:: Available data ::

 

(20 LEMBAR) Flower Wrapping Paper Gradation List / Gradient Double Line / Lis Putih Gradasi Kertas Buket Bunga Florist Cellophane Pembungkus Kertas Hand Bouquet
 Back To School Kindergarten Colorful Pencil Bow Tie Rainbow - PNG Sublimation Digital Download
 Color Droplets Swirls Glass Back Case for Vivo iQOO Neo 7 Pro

:::
:: Available data ::

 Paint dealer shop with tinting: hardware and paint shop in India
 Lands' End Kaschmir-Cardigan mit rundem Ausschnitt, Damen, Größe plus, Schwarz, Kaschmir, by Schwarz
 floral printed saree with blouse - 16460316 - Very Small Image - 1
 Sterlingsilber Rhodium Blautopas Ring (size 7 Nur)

:::

◆ **What the task asks**
For the material above, reproduce exactly the lines from the line with "(20 LEMBAR) Flower" to the line with "Color Droplets Swirls", inclusive, and exclude all others.

◆ **Response box**
(20 LEMBAR) Flower Wrapping Paper Gradation List / Gradient Double Line / Lis Putih Gradasi Kertas Buket Bunga Florist Cellophane Pembungkus Kertas Hand Bouquet
 Back To School Kindergarten Colorful Pencil Bow Tie Rainbow - PNG Sublimation Digital Download
 Color Droplets Swirls Glass Back Case for Vivo iQOO Neo 7 Pro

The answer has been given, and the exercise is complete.